The US Treasury Department announced on Friday that it was cutting the Bitcoin mixer off from the US financial system. The service, which lets people obfuscate the record usually kept by the blockchain, was used by North Korea to support its malicious cyber activities and money-laundering of stolen virtual currency, according to the department.
According to the Treasury, the Lazarus hacking group laundered 20.5 million dollars worth of the cryptocurrencies it stole from the game Axie Infinity. The entire proceeds of the hack, which the Treasury linked to Lazarus and North Korea in April, were estimated to be worth around $625 million at the time, though a few million dollars worth of funds have been recovered. According to the Treasury, North Korea uses hackers to generate revenue for its weapons of mass destruction and missile programs.

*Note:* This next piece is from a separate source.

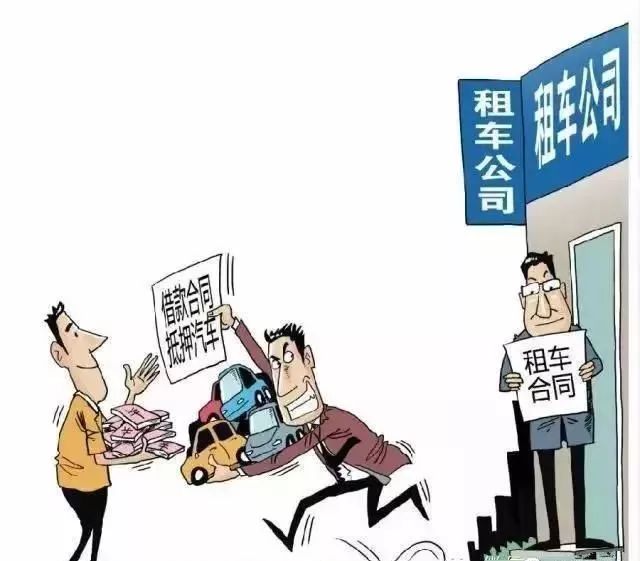 關(guān)于2024新澳正版免費(fèi)資料的探討與警示——警惕違法犯罪問題的重要性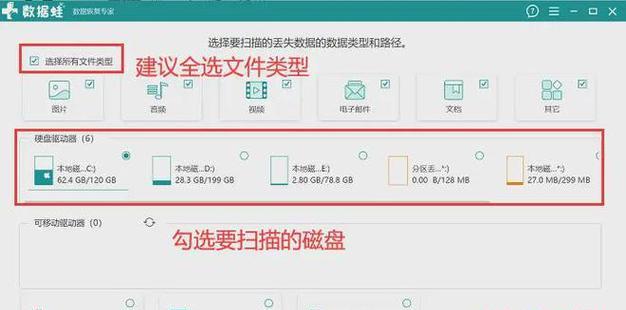 如何快速修复问题？掌握这4个方法轻松应对常见问题！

This is the first time the Treasury has imposed sanctions against a virtual currency mixer. Last year, it issued its first sanction against an exchange. The funds that were stolen from the Axie Infinity's Ronin network were originally in ether andUSDC, and at some point, there had been a tool that could work with both. Tornado Cash is a service that is meant to make it harder to track transactions.
The US Treasury claims that Blender laundered money for organizations like Sodinokibi. It won't be able to access any of its funds that were stored in the US, and can't do transactions with American companies or citizens.
The mixers work by pooling together deposited funds. It can be difficult to use stolen funds without using services that are recorded on the blockchain. The hackers will get clean coins back if the coins are stolen. The person who ends up with the stolen coins can point to the mixer and say that he didn't take them out of the wallet himself.
Governments can sanction wallet that are affiliated with hacking groups, and researchers can track stolen coins. Criminals have to make sure that their ill-gotten money isn't traced if they want to convert it to cars.
The Treasury points out that there are perfectly legal uses for this kind of service, and that people could use them to gain some semblance of privacy. Firms will have to be very careful about who takes and loses their money with the department keeping a close eye on it.